MATERIAL FOR THIS EXERCISE ▸
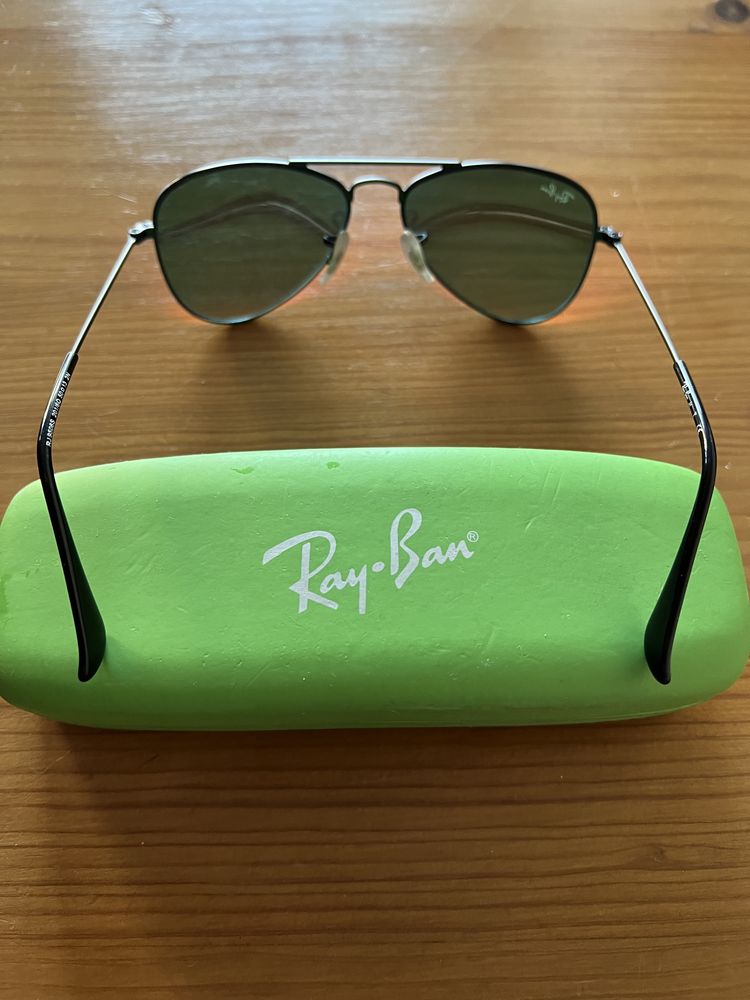 Oculos sol junior Ray-Ban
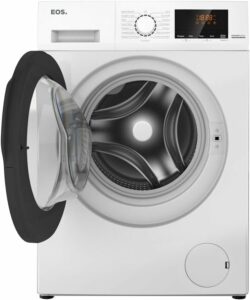 3 Lava e Seca EOS 10,1kg Power Wash Branco ELR2107LSB 220V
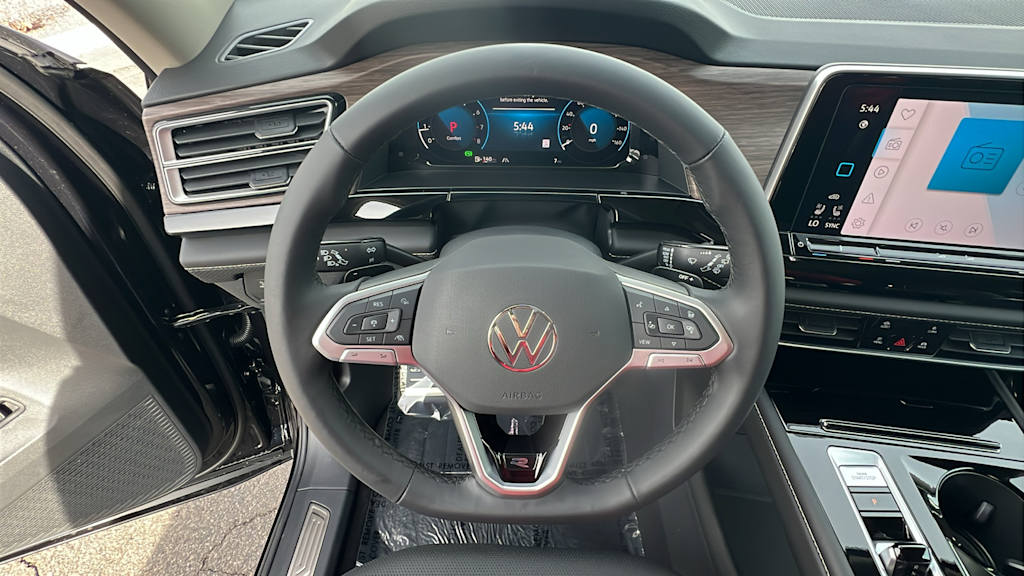 Thumbnail: 2026 Volkswagen Atlas - 8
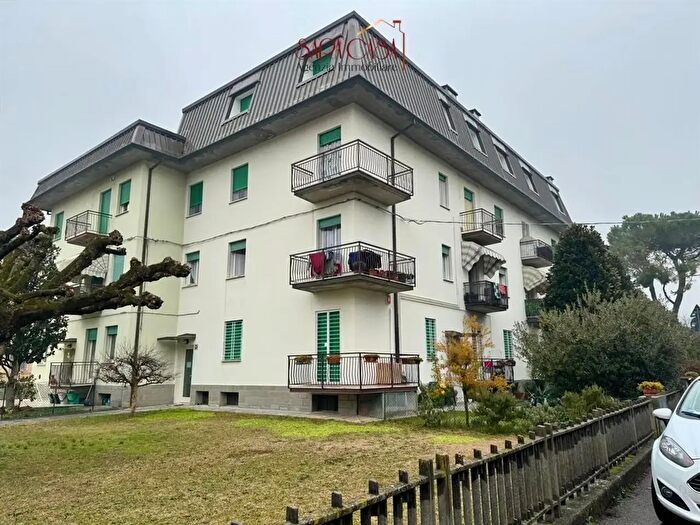 Appartamento quadrilocale in vendita in Castel Bolognese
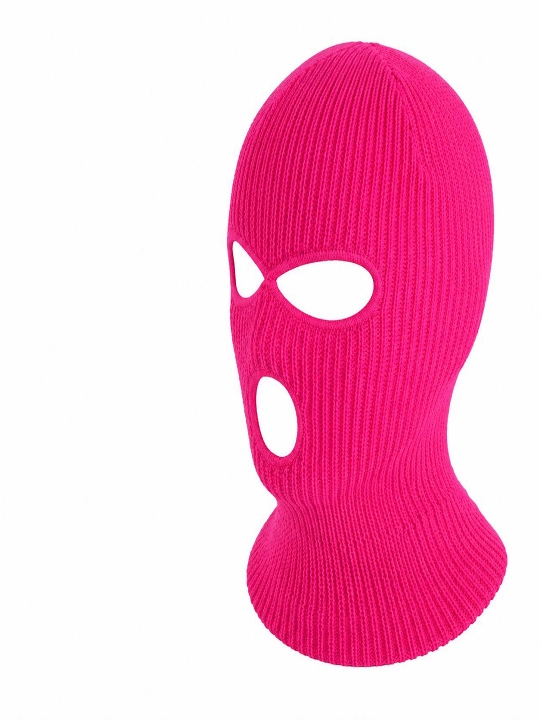 Avtomobillar, mototsikllar, erkaklar va ayollar uchun balaklava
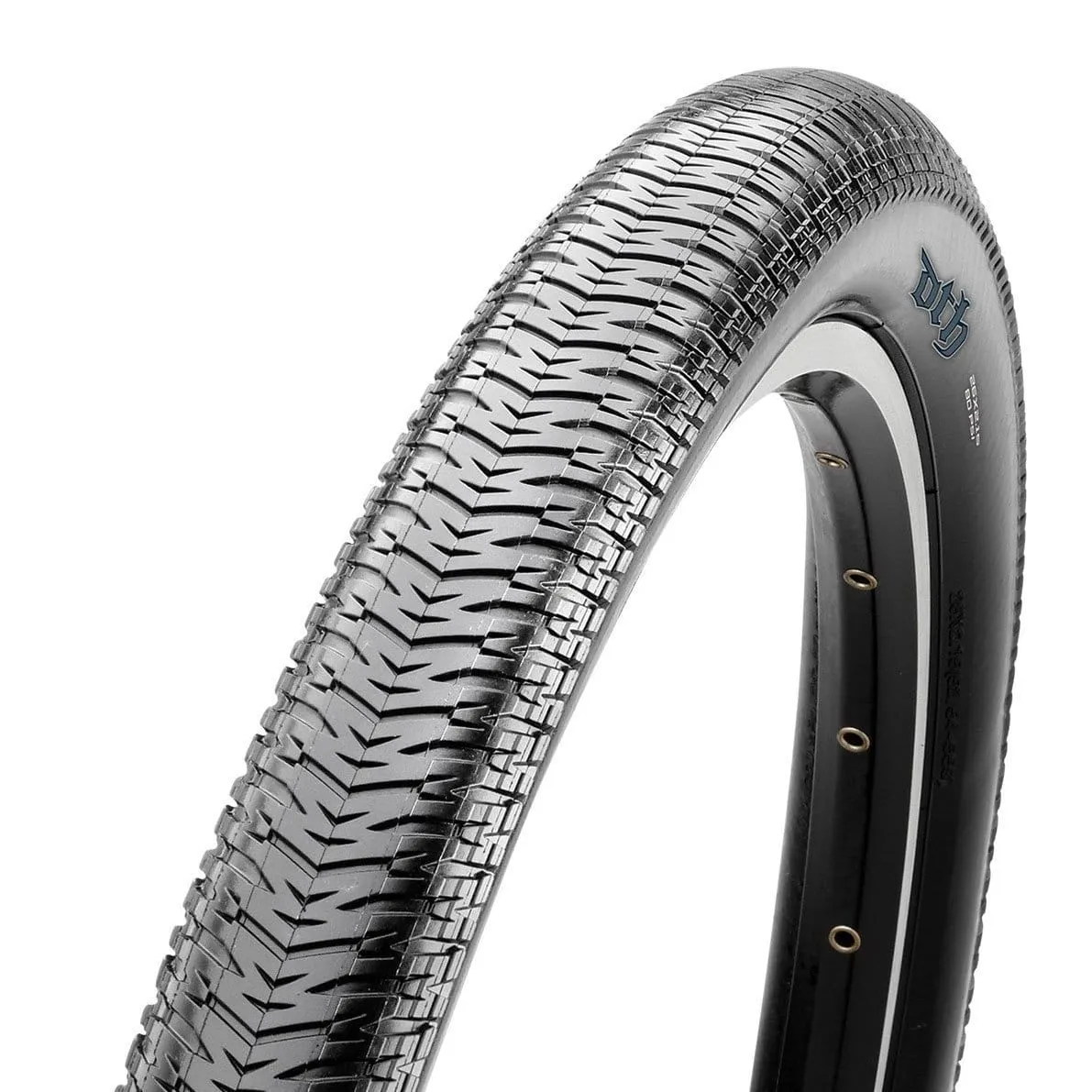 Maxxis DTH Folding Race Tyre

ACTIVITY ▸ In the records above, find the line with "Thumbnail: 2026 Volkswagen Atlas - 8" and copy from it through the last line exactly, without the pictures.

COMPLETED TASK ▸
 Thumbnail: 2026 Volkswagen Atlas - 8
 Appartamento quadrilocale in vendita in Castel Bolognese
 Avtomobillar, mototsikllar, erkaklar va ayollar uchun balaklava
 Maxxis DTH Folding Race Tyre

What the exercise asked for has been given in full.